I can’t write it any plainer than that. The facts are not in dispute. The U.S. ranks last in measurements of citizen health among the six top industrialized nations. So how do insurance industry hirelings (otherwise known as conservative Republicans) make their case against health care reform? How do they justify this inhuman, deadly status quo?
Conservative propagandist Frank Luntz tells them how. Lie. Am I overstating it to claim that such lies, if successful, will cause death and harm to millions? No.
In the ancient Greek tragedian Sophocles’ play from which the epigram above is drawn, Orestes justifies a deception with these "little words":
Can a mere story be evil? No of course not – so long as it pays in the end.
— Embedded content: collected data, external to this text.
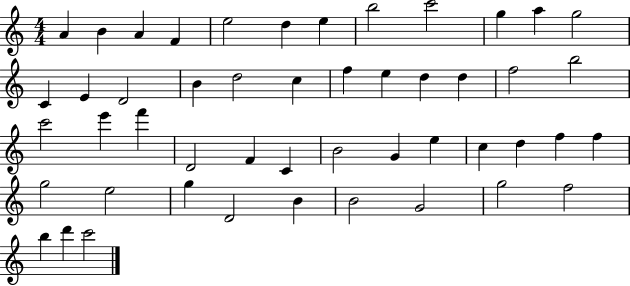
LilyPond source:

{
  \clef treble
  \numericTimeSignature
  \time 4/4
  \key c \major
  a'4 b'4 a'4 f'4 | e''2 d''4 e''4 | b''2 c'''2 | g''4 a''4 g''2 | \break c'4 e'4 d'2 | b'4 d''2 c''4 | f''4 e''4 d''4 d''4 | f''2 b''2 | \break c'''2 e'''4 f'''4 | d'2 f'4 c'4 | b'2 g'4 e''4 | c''4 d''4 f''4 f''4 | \break g''2 e''2 | g''4 d'2 b'4 | b'2 g'2 | g''2 f''2 | \break b''4 d'''4 c'''2 | \bar "|."
}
Is there a more concise way of defining the anti-ethic that seems to drive so much of our American political life? Is it not how the mainstream media assesses candidates and officeholders? Is it not how politicians assess themselves? Is it not what makes it possible for a nation to promote death and suffering to enrich and empower a few insurance executives and the politicians they keep in their servants’ quarters?
The story Orestes told himself – that mere stories can’t be evil – is itself evil. That’s tragic irony, of course. I believe it’s fair to label Luntz’s stories evil, without irony or exaggeration.
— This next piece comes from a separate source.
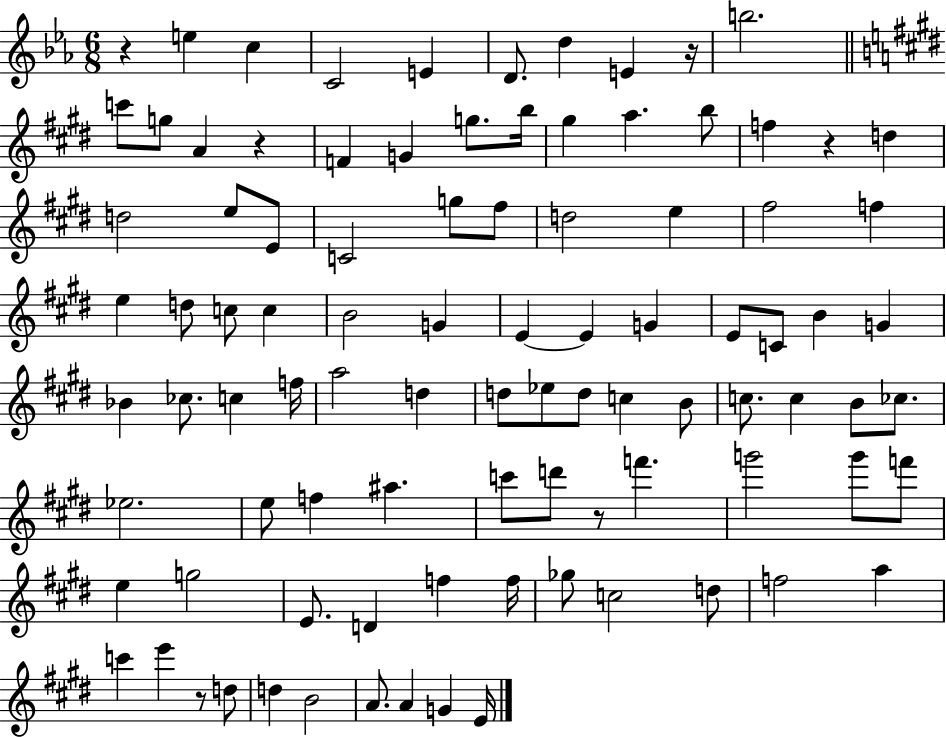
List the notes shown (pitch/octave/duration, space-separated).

R/q E5/q C5/q C4/h E4/q D4/e. D5/q E4/q R/s B5/h. C6/e G5/e A4/q R/q F4/q G4/q G5/e. B5/s G#5/q A5/q. B5/e F5/q R/q D5/q D5/h E5/e E4/e C4/h G5/e F#5/e D5/h E5/q F#5/h F5/q E5/q D5/e C5/e C5/q B4/h G4/q E4/q E4/q G4/q E4/e C4/e B4/q G4/q Bb4/q CES5/e. C5/q F5/s A5/h D5/q D5/e Eb5/e D5/e C5/q B4/e C5/e. C5/q B4/e CES5/e. Eb5/h. E5/e F5/q A#5/q. C6/e D6/e R/e F6/q. G6/h G6/e F6/e E5/q G5/h E4/e. D4/q F5/q F5/s Gb5/e C5/h D5/e F5/h A5/q C6/q E6/q R/e D5/e D5/q B4/h A4/e. A4/q G4/q E4/s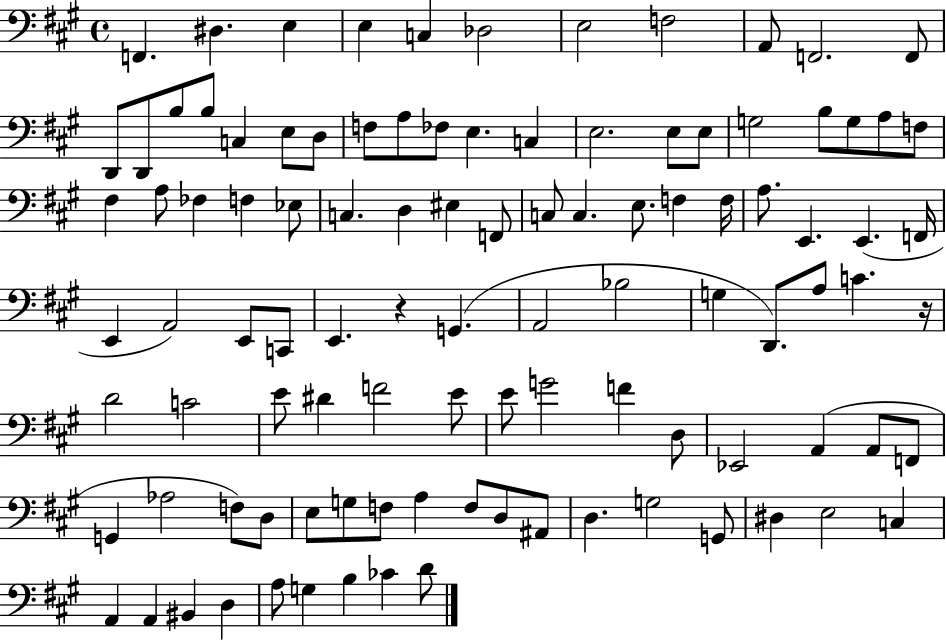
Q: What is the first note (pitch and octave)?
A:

This last week, my colleagues, George Lakoff and Eric Haas, wrote about Luntz’s health care lies and made recommendations for framing the principles of reform. You can read that here.
Luntz suggests that opponents of reform humanize their language about health care to avoid humanizing health care. He recommends raising unfounded fears of treatment delays in a system in which government simply plays its moral role of citizen protector. He says it should be argued that bureaucrats would destroy the patient-doctor relationship. He suggests conservatives argue for, "A balanced, common sense approach that provides assistance to those who truly need it and keeps healthcare patient-centered rather than government-centered for everyone."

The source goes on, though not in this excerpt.